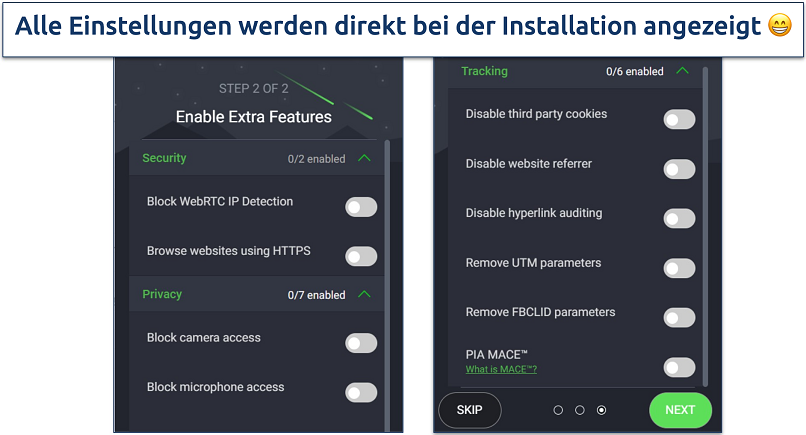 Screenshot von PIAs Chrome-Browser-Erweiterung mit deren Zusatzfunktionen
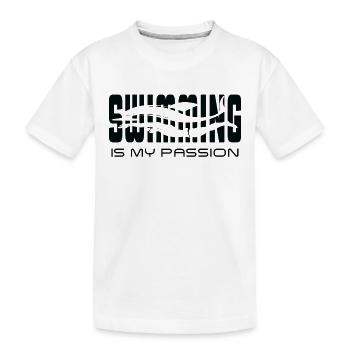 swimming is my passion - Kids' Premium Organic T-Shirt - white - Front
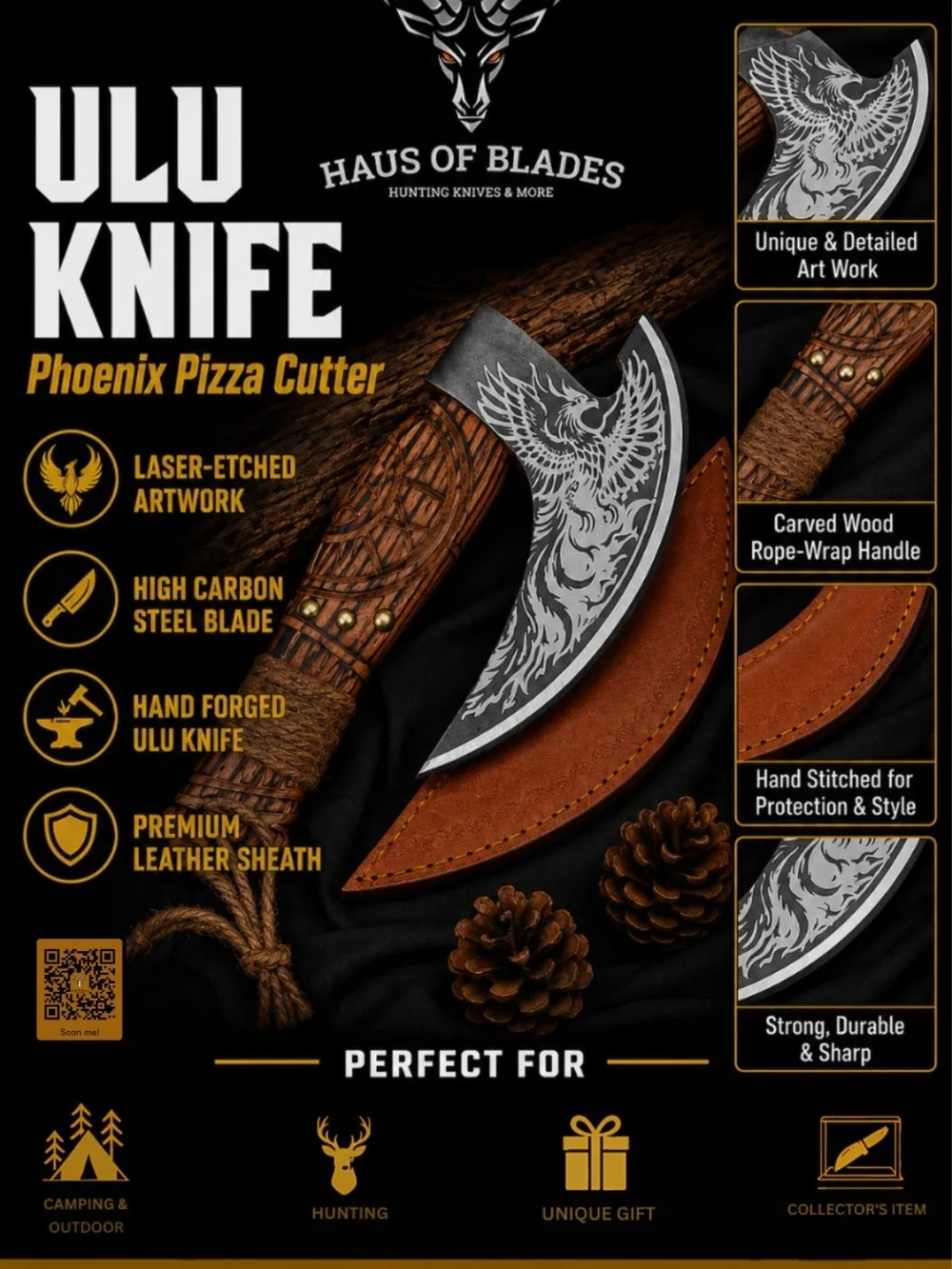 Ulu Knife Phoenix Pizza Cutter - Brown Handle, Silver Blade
• • • •
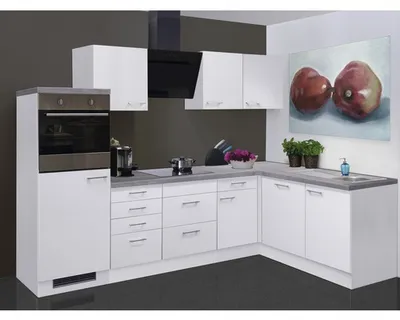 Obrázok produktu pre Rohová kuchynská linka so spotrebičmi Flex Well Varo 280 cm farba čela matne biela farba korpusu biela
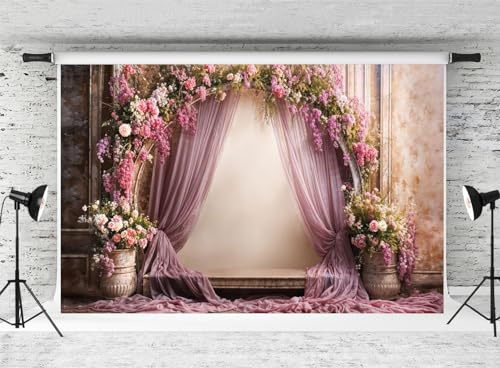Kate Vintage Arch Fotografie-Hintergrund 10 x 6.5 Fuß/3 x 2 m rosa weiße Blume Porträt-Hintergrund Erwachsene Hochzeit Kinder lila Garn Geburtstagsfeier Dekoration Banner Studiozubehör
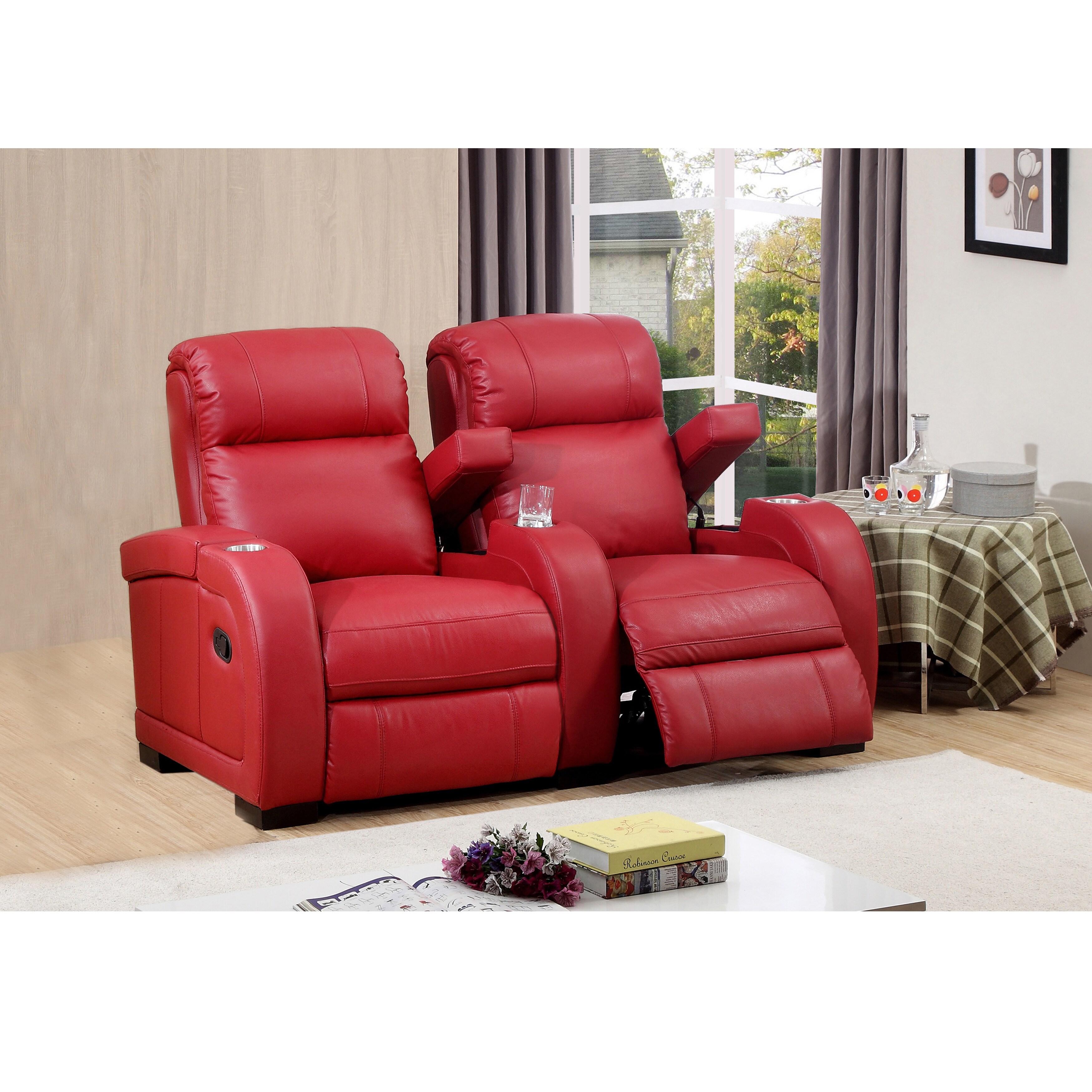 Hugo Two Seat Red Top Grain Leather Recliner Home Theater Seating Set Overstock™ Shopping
• • • •
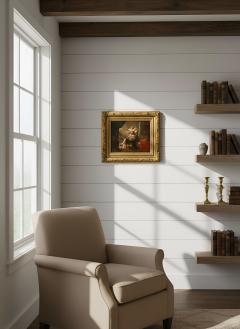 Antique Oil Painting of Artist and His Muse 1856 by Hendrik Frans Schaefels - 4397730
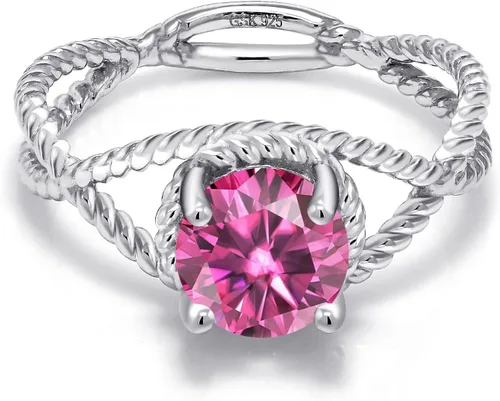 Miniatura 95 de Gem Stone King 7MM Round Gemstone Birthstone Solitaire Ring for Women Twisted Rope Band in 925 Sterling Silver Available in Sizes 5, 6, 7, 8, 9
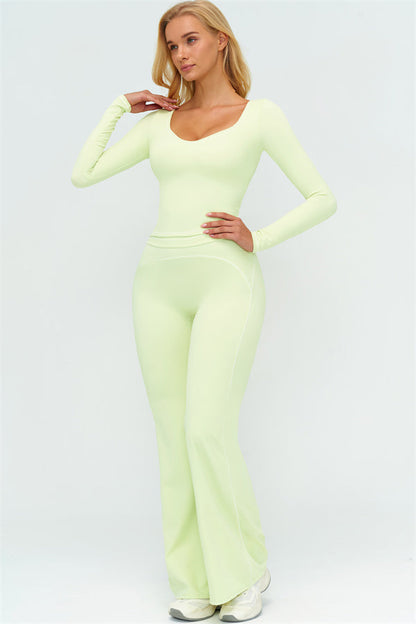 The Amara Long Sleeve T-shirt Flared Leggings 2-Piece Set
• • • •
▸ What the task asks: In the data above, find the line with "Antique Oil Painting" and the line with "The Amara Long". Please copy exactly those two lines and every line between them, but not the pictures.

▸ Response area:
 Antique Oil Painting of Artist and His Muse 1856 by Hendrik Frans Schaefels - 4397730
 Miniatura 95 de Gem Stone King 7MM Round Gemstone Birthstone Solitaire Ring for Women Twisted Rope Band in 925 Sterling Silver Available in Sizes 5, 6, 7, 8, 9
 The Amara Long Sleeve T-shirt Flared Leggings 2-Piece Set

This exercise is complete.